Salmón se ha consolidado como uno de los pescados más versátiles en la cocina global, no solo por su sabor distintivo sino por su perfil nutricional excepcional. Rico en proteínas de alta calidad, ácidos grasos omega-3, vitaminas D y B12, además de selenio y fósforo, representa una opción culinaria que trasciende lo meramente gastronómico. Sin embargo, su preparación requiere precisión técnica; errores aparentemente menores pueden comprometer significativamente tanto su textura como su sabor final.

Uno de los fallos más frecuentes en la cocina profesional y doméstica es cocinar el salmón inmediatamente después de sacarlo del refrigerador. La diferencia térmica entre el pescado frío y el calor de la sartén u horno provoca cocción desigual: el exterior se dora mientras el interior permanece crudo. La solución es dejar reposar el filete a temperatura ambiente entre 15 y 20 minutos antes de la cocción, permitiendo una transferencia de calor uniforme. Secar la superficie con papel de cocina elimina humedad excesiva, facilitando el dorado perfecto que caracteriza una preparación de calidad.

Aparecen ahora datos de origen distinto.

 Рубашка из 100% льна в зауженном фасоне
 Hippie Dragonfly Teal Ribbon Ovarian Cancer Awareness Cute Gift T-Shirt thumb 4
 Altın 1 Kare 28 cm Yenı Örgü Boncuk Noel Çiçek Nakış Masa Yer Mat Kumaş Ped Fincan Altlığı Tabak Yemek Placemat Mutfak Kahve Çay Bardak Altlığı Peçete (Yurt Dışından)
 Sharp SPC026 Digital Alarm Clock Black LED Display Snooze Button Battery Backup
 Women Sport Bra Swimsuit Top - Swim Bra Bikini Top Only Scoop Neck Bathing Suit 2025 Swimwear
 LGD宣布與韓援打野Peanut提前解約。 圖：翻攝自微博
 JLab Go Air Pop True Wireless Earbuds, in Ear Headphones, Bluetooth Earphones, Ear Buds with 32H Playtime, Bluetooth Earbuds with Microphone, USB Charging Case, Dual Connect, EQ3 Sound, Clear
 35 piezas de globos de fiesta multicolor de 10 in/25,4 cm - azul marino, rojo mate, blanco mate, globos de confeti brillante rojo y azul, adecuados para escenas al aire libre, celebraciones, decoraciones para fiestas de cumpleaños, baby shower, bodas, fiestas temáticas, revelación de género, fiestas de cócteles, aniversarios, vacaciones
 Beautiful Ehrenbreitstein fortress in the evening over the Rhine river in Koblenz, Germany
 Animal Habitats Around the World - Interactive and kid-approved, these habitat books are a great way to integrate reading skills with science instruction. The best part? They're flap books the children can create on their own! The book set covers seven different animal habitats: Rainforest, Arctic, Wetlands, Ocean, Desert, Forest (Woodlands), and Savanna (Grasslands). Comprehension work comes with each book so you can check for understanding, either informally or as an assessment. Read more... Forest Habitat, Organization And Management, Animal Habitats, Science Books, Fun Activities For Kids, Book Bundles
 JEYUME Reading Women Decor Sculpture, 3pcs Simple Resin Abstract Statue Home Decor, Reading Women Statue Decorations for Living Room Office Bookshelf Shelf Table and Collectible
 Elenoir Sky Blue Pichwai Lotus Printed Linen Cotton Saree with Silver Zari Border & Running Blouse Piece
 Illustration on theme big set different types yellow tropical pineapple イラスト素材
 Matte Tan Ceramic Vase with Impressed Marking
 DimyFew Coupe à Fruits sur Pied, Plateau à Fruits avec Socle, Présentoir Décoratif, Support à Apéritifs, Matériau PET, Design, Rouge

Mantener la piel durante la cocción es una práctica que distingue a los cocineros experimentados de los principiantes. Aunque muchos retiran la piel previa a la cocción, esta actúa como barrera protectora contra el calor directo, preservando la jugosidad de la carne. Además, es comestible y nutritiva. En preparaciones a la plancha, al horno o a la parrilla, lo óptimo es cocinar con piel y retirarla después si se prefiere. Solo en técnicas específicas como rebozados o preparaciones al vapor resulta más práctico quitarla antes.

Sobrecoccionar el salmón es un error que compromete irreversiblemente su calidad. Este pescado pierde rápidamente su humedad cuando se expone a calor excesivo, resultando en textura seca y fibrosa. Utilizar un termómetro de cocina permite precisión: el centro del filete debe alcanzar entre 50 y 60 °C para garantizar cocción óptima sin sacrificar jugosidad.

Para salmón congelado, el método de descongelación es crítico tanto para calidad como para seguridad alimentaria. Descongelar a temperatura ambiente durante horas afecta la textura y favorece proliferación bacteriana. El protocolo recomendado es trasladar el pescado del congelador al refrigerador la noche anterior, permitiendo descongelación lenta y controlada. Si el tiempo es limitado, la función de descongelación del microondas funciona, pero evitando potencia alta que cocinaría el pescado prematuramente.

Finalmente, la disciplina de no mover el salmón durante la cocción es fundamental. Este hábito impide la formación de la costra dorada característica y aumenta riesgo de rotura del filete. En sartén, lo recomendable es mantener el lado de la piel sin tocar durante varios minutos hasta lograr dorado uniforme, luego voltear una única vez con precisión para terminar la cocción. Esta técnica simple pero efectiva define la diferencia entre un salmón mediocre y uno de calidad profesional.